Während der 8 Jahre, in denen er dem Verteidigungsministerium vorstand ... tat er alles, was er konnte, um jede Chance eines Abkommens mit den Palästinensern zu verhindern. Wir reden nicht nur über seine unmenschliche Politik gegenüber dem ganzen palästinensischen Volk, aber auch über seine systematischen Bemühungen, die palästinensische Behörde zu zerstören und keine Spur davon zu lassen, damit Israel keinen Partner für den Frieden hat. Mofaz ist nicht nur für viele unnötige Opfer verantwortlich, sondern auch für die Zerstörung der Infrastruktur der moderaten palästinensischen Führung. Aus dieser Perspektive ist die Hamas-Regierung und ausweglose Situation, der wir nun gegenüberstehen, die direkte Folge
Dieser Politik. Die Person, die zur Liquidierung Yasser Arafats und das Bombardieren der Einrichtungen der Palästinenserbehörde aufrief, trägt große Verantwortung für das Hochkommen der Hamas-Alternative. Allein für dieses Fehlverhalten, hätte Mofaz längst einen Preis zahlen sollen, nämlich die Aufgabe seines Sitzes im Kabinett.

Aber da gibt es noch etwas anderes, was nicht oft diskutiert wird: man nennt es Moral. Von einem neuen und relativ jungen Ministerpräsidenten kann kaum erwartet werden, diesen vergessenen Terminus aus dem Lexikon neu ins Gedächtnis zu rufen. Das Erbe, das Mofaz den IDF und durch diese der Gesellschaft als Ganzes hinterlässt, gründet sich völlig auf der Ausübung von Gewalt. Während Mofaz’ Zeit kannte die Gewalt keine Grenzen. Die IDF eröffnete Feuer, bombardierte, liquidierte und zerstörte in alarmierenden und beispiellosen Ausmaß. Das moralische Image Israels wurde vollkommen verzerrt, und eine ganze Generation wuchs mit einem hemmungslosen Generalstabschef und Verteidigungsminister auf. Die „Reinheit der Waffen“ wurde zu einem ärgerlichen und archaischen Konzept; die IDF hörte z.B. völlig auf, Vorfälle, in denen getötet wurde, zu untersuchen und so lagen die Finger sehr leicht auf dem Abzug. ...

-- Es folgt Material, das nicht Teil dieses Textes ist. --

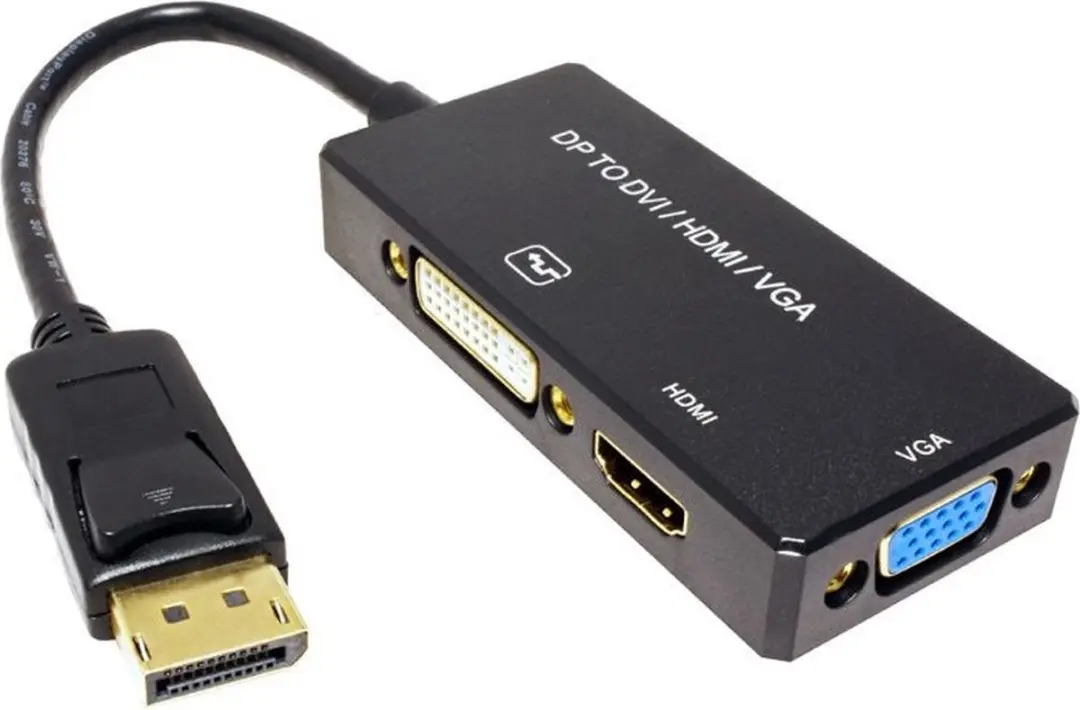 Value DisplayPort 1.2 naar HDMI/DVI/VGA Adapter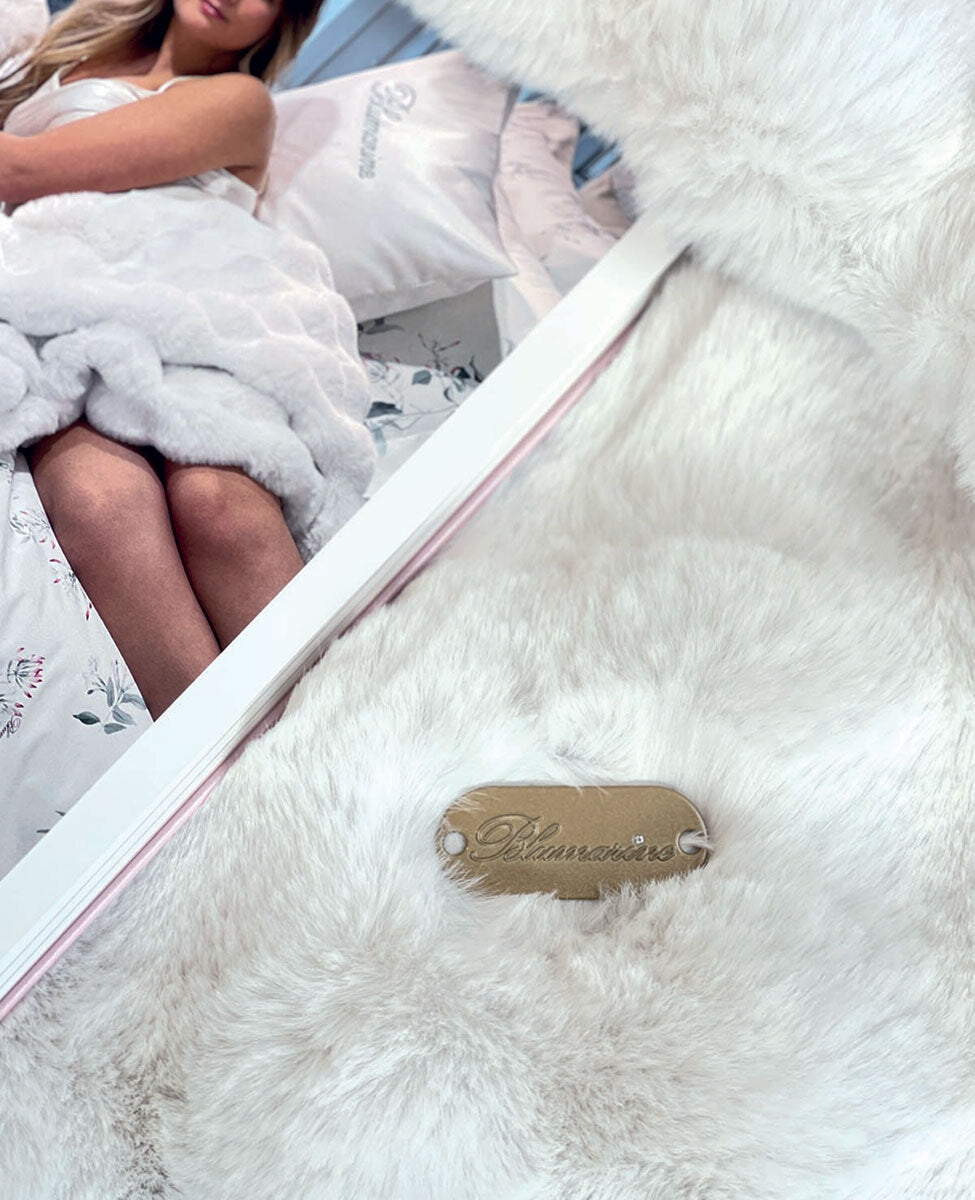 Plaid In Pelliccia Diamant Blumarine 140x190cm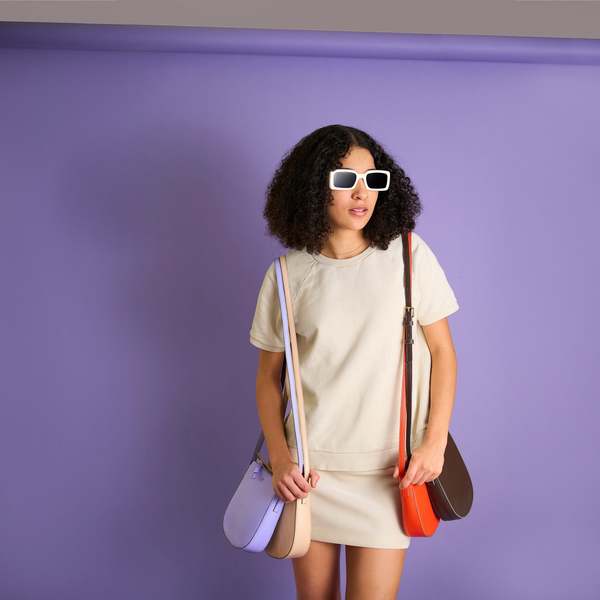 Tusk Ascot Yash Small Cross Body Bag - LAVENDER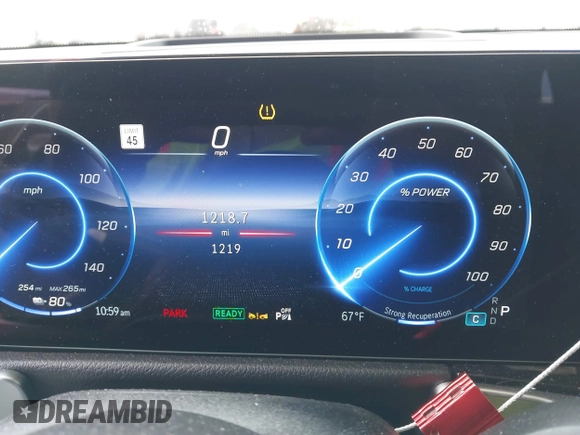 2024 Mercedes-Benz EQB 250+ z VIN W1N9M0CB0RN096438, wystawiony jako IAAI lot #41679845 z przebiegiem 1219 mil mil oraz . Historia ofert i sprzedaży dostępna na DreamBid. Obrazek 7.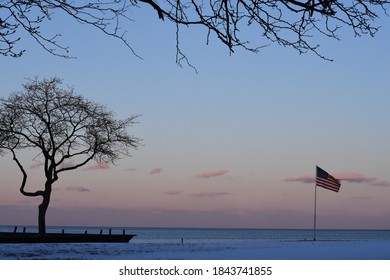 Lake Saint Clair In Winter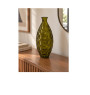 Vase texturé en verre vert clair, 15 x 31 cm | Vases déco , Dakar, Sénégal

Was sollte nun mit Mofaz gemacht werden? Als gewähltes Mitglied der Knesset auf Kadimas Liste ist sein Platz in der Knesset. Das Schandmal auf seiner Stirn wird erst der nächsten Generation der israelischen Gesellschaft deutlich werden. In der Zwischenzeit sollte er kein Minister sein. Das ist eine Herausforderung für den Ministerpräsidenten: Lasst Mofaz draußen und erklärt warum. Möge er den Bürgern sagen, dass es jetzt in der Regierung keinen Platz für so jemanden gibt, der verdächtigt wird, für Kriegsverbrechen verantwortlich zu sein.
Die Geschichte würde sich mit großer Anerkennung an ihn erinnern.